Forscher beobachten Quasiteilchen bei der Geburt

Die Geburt von Quasiteilchen ist eine flotte Angelegenheit, sie dauert normalerweise weniger als eine Billiardstel Sekunde: Innsbrucker Physiker haben diesen Vorgang nun „live“ beobachtet.

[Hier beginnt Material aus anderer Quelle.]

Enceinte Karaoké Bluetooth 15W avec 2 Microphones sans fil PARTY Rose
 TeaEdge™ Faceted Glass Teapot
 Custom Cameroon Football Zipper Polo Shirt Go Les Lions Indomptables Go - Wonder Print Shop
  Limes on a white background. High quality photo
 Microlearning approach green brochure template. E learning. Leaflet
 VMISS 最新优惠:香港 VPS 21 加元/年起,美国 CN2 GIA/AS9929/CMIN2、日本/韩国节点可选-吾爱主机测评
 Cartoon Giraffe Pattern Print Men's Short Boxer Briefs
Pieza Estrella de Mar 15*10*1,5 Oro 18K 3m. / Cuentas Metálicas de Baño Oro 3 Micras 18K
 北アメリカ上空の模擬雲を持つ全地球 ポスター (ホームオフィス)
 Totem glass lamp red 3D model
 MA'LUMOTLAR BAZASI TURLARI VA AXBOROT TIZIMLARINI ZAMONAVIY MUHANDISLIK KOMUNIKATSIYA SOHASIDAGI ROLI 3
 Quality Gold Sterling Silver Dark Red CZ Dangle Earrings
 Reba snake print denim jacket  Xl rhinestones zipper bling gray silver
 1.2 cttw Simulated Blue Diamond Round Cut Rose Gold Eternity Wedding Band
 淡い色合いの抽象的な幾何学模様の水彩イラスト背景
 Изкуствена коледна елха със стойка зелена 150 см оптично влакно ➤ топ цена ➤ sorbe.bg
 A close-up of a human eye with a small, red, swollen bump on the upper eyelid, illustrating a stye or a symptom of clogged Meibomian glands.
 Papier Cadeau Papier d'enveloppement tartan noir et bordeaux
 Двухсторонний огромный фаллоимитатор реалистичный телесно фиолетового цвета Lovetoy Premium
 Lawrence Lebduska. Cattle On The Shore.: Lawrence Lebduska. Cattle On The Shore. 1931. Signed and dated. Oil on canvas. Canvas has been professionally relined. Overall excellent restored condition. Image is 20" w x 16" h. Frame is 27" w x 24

Quasiteilchen sind keine eigenständigen Elementarteilchen, sondern vielmehr Zustände eines Teilchens, das mit seiner Umgebung in Wechselwirkung tritt. Ihre Bezeichnung stammt vom russischen Physiker Lew Landau (1908-1968), der von Elektronen ausging, die sich durch einen Festkörper bewegen und diesen dabei verzerren. Das ganze Objekt, also Elektron und Verzerrung, kann dabei als Quasiteilchen beschrieben werden.

Ein Polaron entsteht

Ein Problem mit diesen Gebilden ist, dass ihre Bildung sehr schnell vor sich geht: Bei einem sogenannten „Fermi-Polaron“ - einer speziellen Art der Quasiteilchen - in einem Festkörper dauert das nur etwa 100 Attosekunden, also 100 Milliardstel von einem Milliardstel einer Sekunde. „Es passiert also wahnsinnig schnell, dass sich diese Art Polarisationswolke um die einzelnen Elektronen herum bildet - normalerweise zu schnell, um es beobachten zu können“, sagte Rudolf Grimm vom Institut für Quantenoptik und Quanteninformation der Akademie der Wissenschaften.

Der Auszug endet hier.